MTI Sues Children's Theatre Group Over Unpaid Licensing Fees


Over the past couple of years, Theaterpalooza Community Theater Productions, Inc. has been producing shows such as Matilda, Seussical, Little Shop of Horrors, and Honk!

The only problem is the Virginia theatre company, apparently, hasn't been paying licensing fees to do so. And now, Music Theatre International (MTI) has come to collect. 

Last month, MTI filed a lawsuit in the Federal District Court for the Eastern District of Virginia for presenting at least 16 unauthorized productions of MTI titles....16. 

According to a statement from MTI President and CEO Drew Cohen, "At MTI, we promote artistic expression by ensuring that every copyrighted work is properly licensed for performance. Since our mission is to promote and facilitate the performance of musical theatre, we do not like to take formal legal action, and usually we do not need to do so. But it is unfair to our authors and the thousands of customers who work hard in making contributions to our common cultural heritage and enrichment to allow unlicensed, repeat infringements of those valuable properties. Aside from depriving the shows’ creators of their livelihood, failing to obtain a license also inhibits MTI from ensuring the shows are being properly presented and delivering what the audiences have paid for and expect.”

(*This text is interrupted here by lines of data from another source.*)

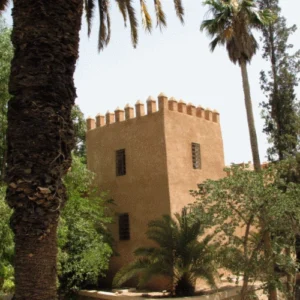 OUJDA GALERIE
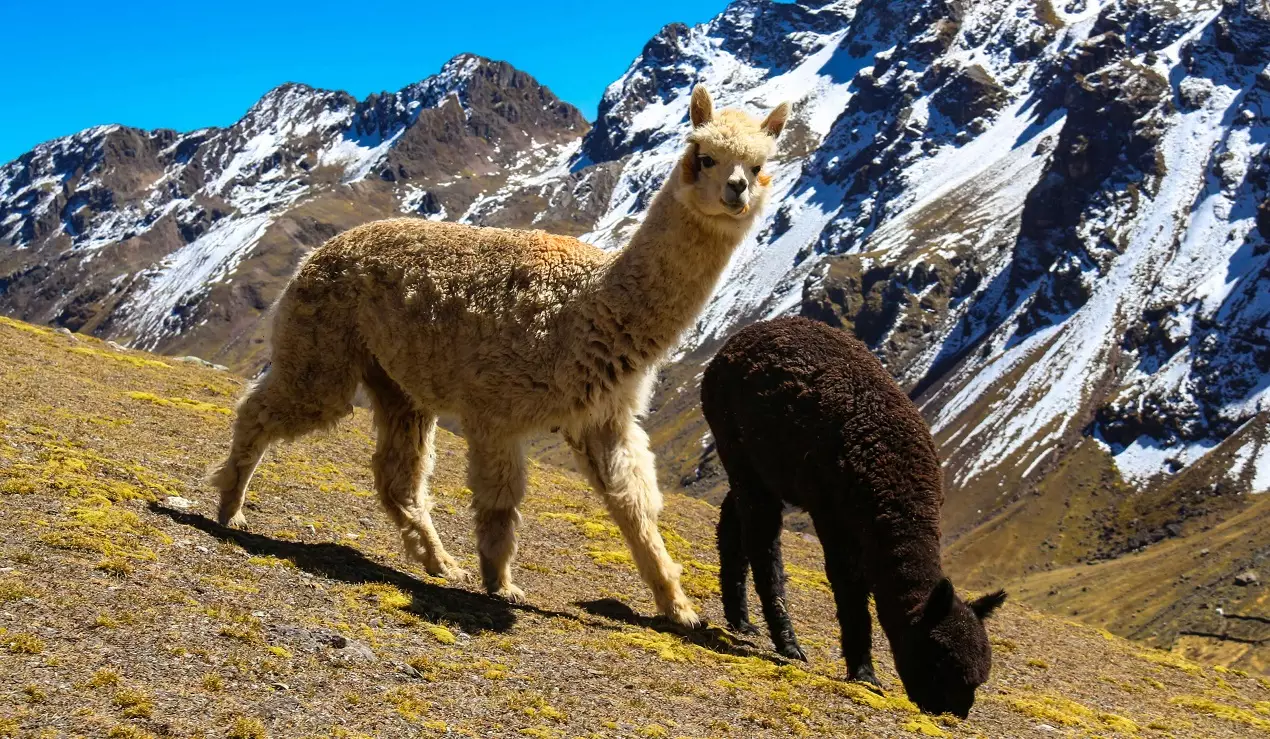 La alpaca andina de cusco - Peru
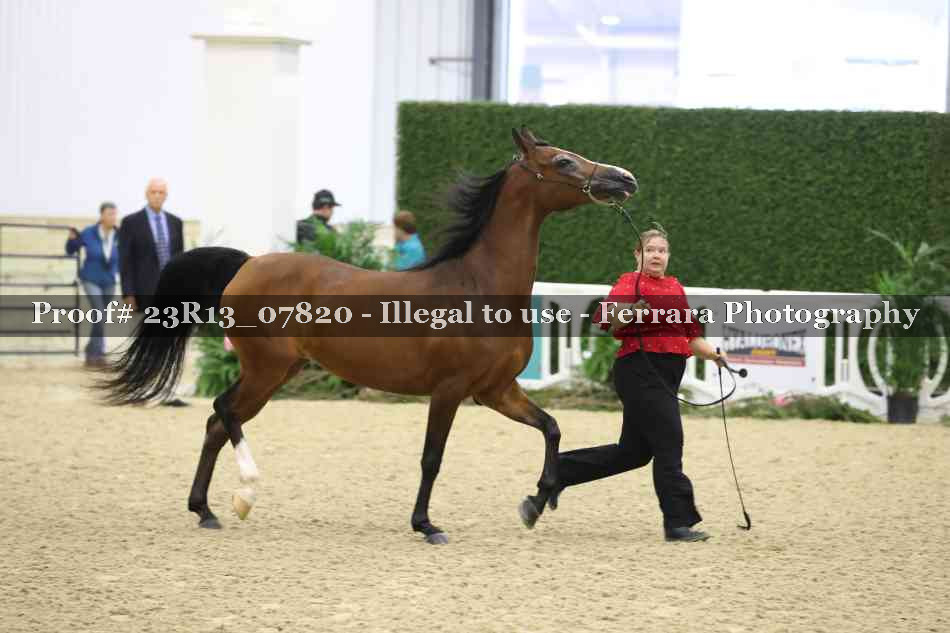 Proof 23R13_07820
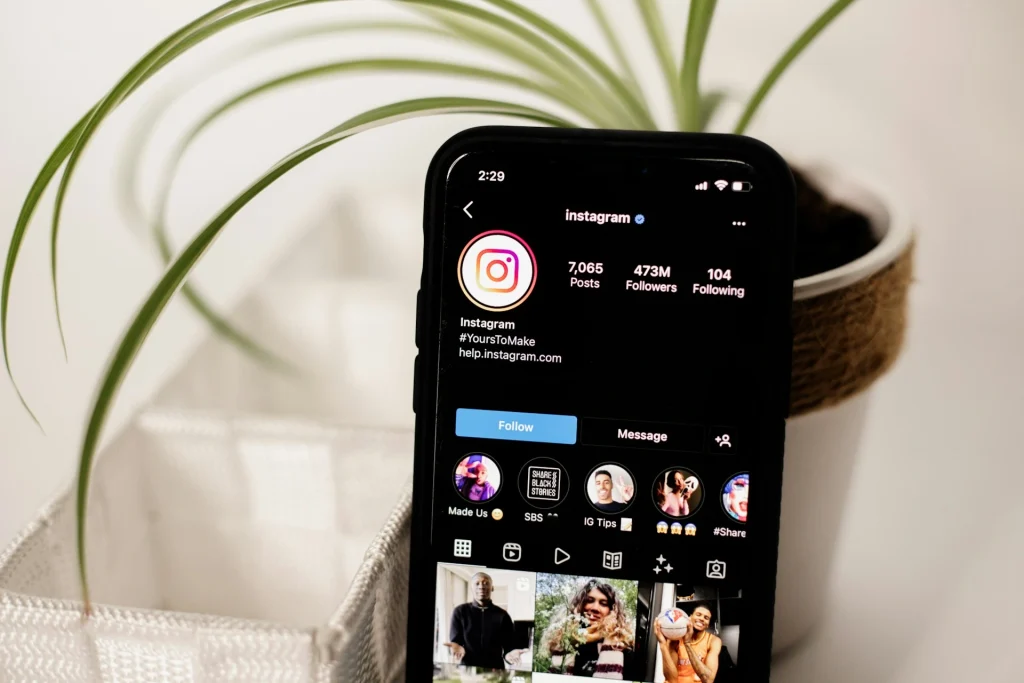 Cara Download Video Instagram Melalui SaveInsta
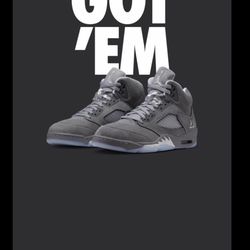 Air Jordan 5 “Wolf Grey” size 14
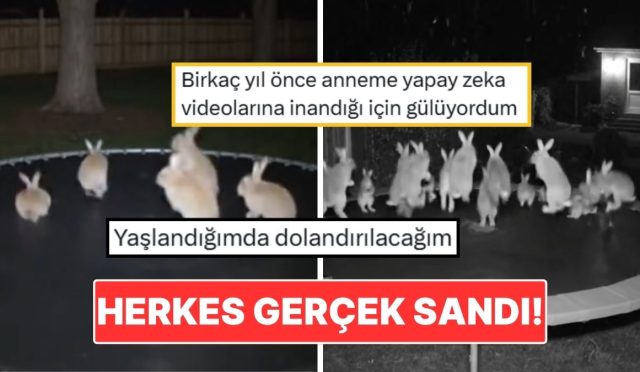 trambolinde-ziplayan-tavsanlarin-goruntusu-butun-internet-alemini-kandirdi-YsXiNBEy.jpg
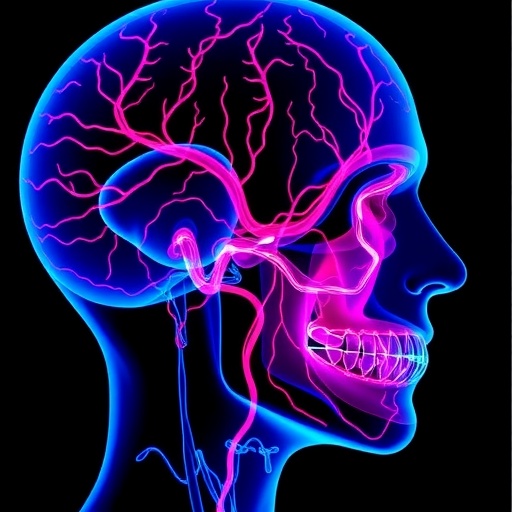 fluid-dynamics-reveal-hemifacial-spasm-vessel-insights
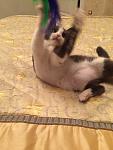     
: hEbbHo8_Cd4.jpg
: 26
:	138.9 
ID:	11112011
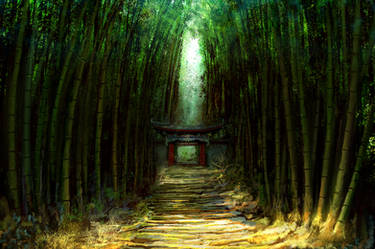 Bamboo path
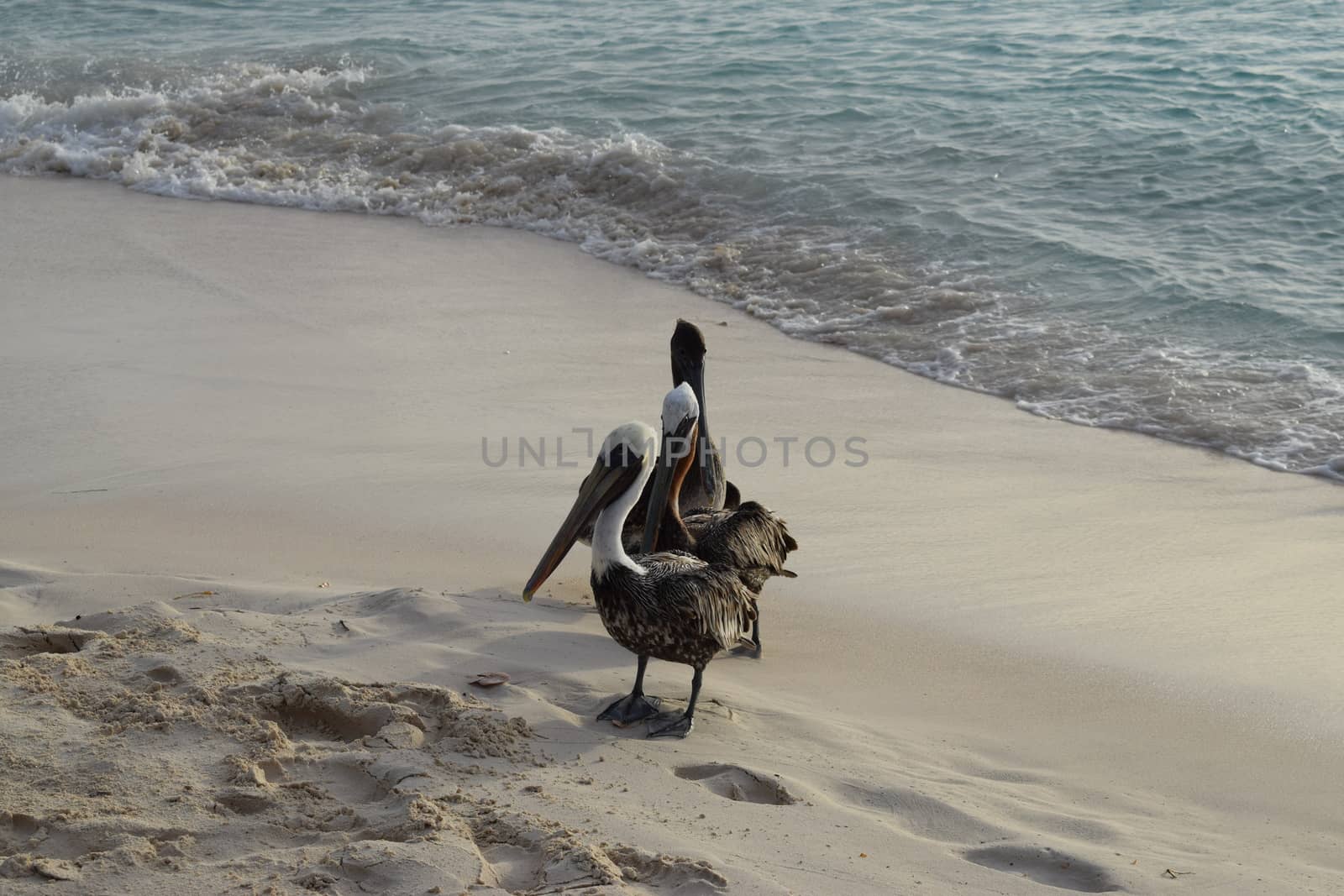 Seagulls are waiting on the beach to receive fishes from a fisherman - Aruba Island, carribean island by matteobartolini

The suit seeks either actual damages including profits from the productions or maximum statutory damages, an injunction against continued infringement and other costs. 

According to MTI officials, they apparently made several attempts to collect payment from Theaterpalooza but never received any. 

To be honest, this is the first time I've seen MTI take such a step in trying to resolve copyright infringement. At the same time, this is the first time I've seen a local theatre try to sneak by copyright law so egregiously. While Theaterpalooza hasn't put out a statement, 16 shows with several attempts by MTI is ridiculous. 

Also, at least from their fee descriptions, Theaterpalooza could more than have paid for the rights for these shows. The registration and tuition fees aren't cheap. Registration fees are $25/$45 each plus a $600 tuition(with $100 due at registration). They also charge late fees of $25 if tuition payments are missed. They also charge up to $60 for hour-long voice lessons. 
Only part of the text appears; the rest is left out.